Wolpert and Richards in their introduction note that odd views of science flourish in the vacuum created by the general failure of scientists to communicate to the public. Of couse, there are notable exceptions from T. H. Huxley to Peter Medawar and some of the people in this volume such as Smith and Gould. But still the myth of the mad scientist is alive and well in some quarters, with other equally unhelpful stereotypes. It seems that too much is made of what is strange and different about science and its products but Wolpert suggests that doing science has much in common with other activities. In a similar vein Popper has suggested that science is 'common sense writ large'. On the matter of analogies between the activities of artists and scientists, Gunther Stent forcefully argues that the similarity is in the act of discovery (page 117) and he also aserts that artists and scientists share a concern with the truth.
The challenge for a book like this is to find people who can talk about their field in simple terms. They also need to convey some insights into the activities that are involved in their work, and the 'feel' of it all. This book suceeds handsomely because all the subjects are interesting and coherent, at least in the edited form provided to us. Wolpert has done very well to draw out his subjects with the lightest of touches here and there to nudge the discussion forward.
Deep philosophical thoughts do not feature in the dialogues apart from Wolpert's occasional recourse to Kuhn's language of paradigm shifts. Despite this, useful insights abound. Martin Rees draws a contrast between his own pluralistic approach to rival theories - 'running the horses against each other' to see if any fall by the wayside, and the more dogmatic approach of the 'advocates' who feel obliged to defend their pet ideas against all criticisms. Richard Gregory points out that the academic battles between rival dogmatists are 'very much fought by forgetting half of the counter-evidence'. He prefers to maintain friendly relations with opponents, 'not working in cupboards and getting amazingly aggressive about other people who think a bit differently.' (page 197).

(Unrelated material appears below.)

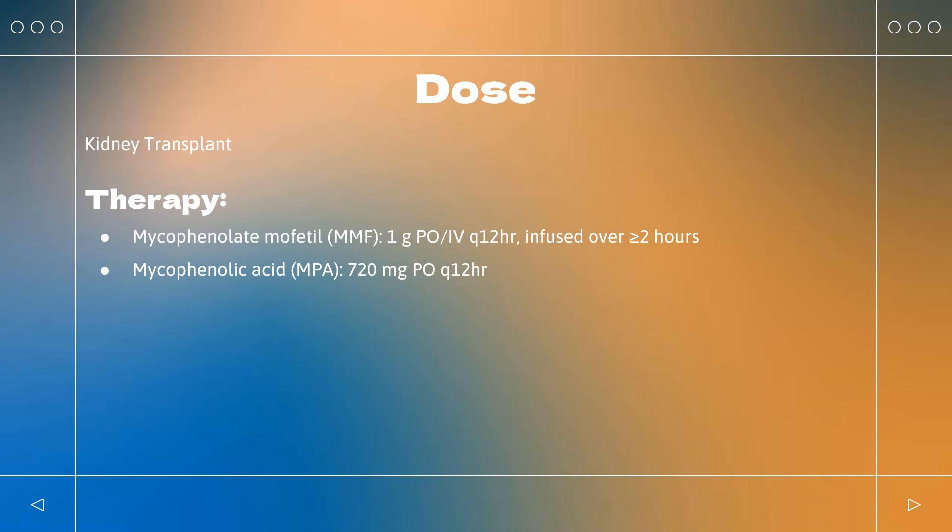No dosage adjustment is needed in renal transplant patients experiencing delayed graft function postoperatively. Lupus Nephritis (Off-Label): Induction therapy — MMF 1 g Q12HR with a glucocorticoid, or 2–3 g for 6 months with glucocorticoids. Maintenance: 0.5–3 g/day, or 1 g PO Q12HR, or 1–2 g daily.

Francis Crick, as one would expect from reading The Double Helix, displays a thoroughly 'Popperian' perspective - 'It's getting rid of false ideas which is the most important thing in developing the good ones...You should not get bogged down with experimental details. You should make some sort of bold assumptions, and try them out' (pp 94-5). This contrasts with the compulsive experimentalist Anthony Epstein who states 'I don't understand any of that [talk of theory]. I think just sort of messing about is the answer. You've just go to keep messing about at the bench...You make a little bit of apparatus...You see how to change this just a little bit...and you want to tinker with something'(p 165).
Only one of these scientists (Gunther Stent) has been touched by the current vogue for the 'social construction of science.' The others tend to think that the world is there, in all its complexity and glory, and we do the best we can to improve our understanding of it. In the words of Michael Berry 'It's very important to always realize that there are phenomena, that there is a world outside our heads that we're trying to explain. Otherwise it's a curious game, a form of self indulgence which I think is intellectually not very worthwhile' (47).
Similarly the notion of objective truth is maintained, notably by Stephen Jay Gould, who has made his mark as a leading opponent of the anti-evolutionary movement that sometimes calls itself 'Creationism' or 'Creation Science.' Gould likes to regard himself as a 'New York city street kid' and his two unfulfilled dreams are to play centre field for the Yankees baseball team, and to sing Wotan at the Met.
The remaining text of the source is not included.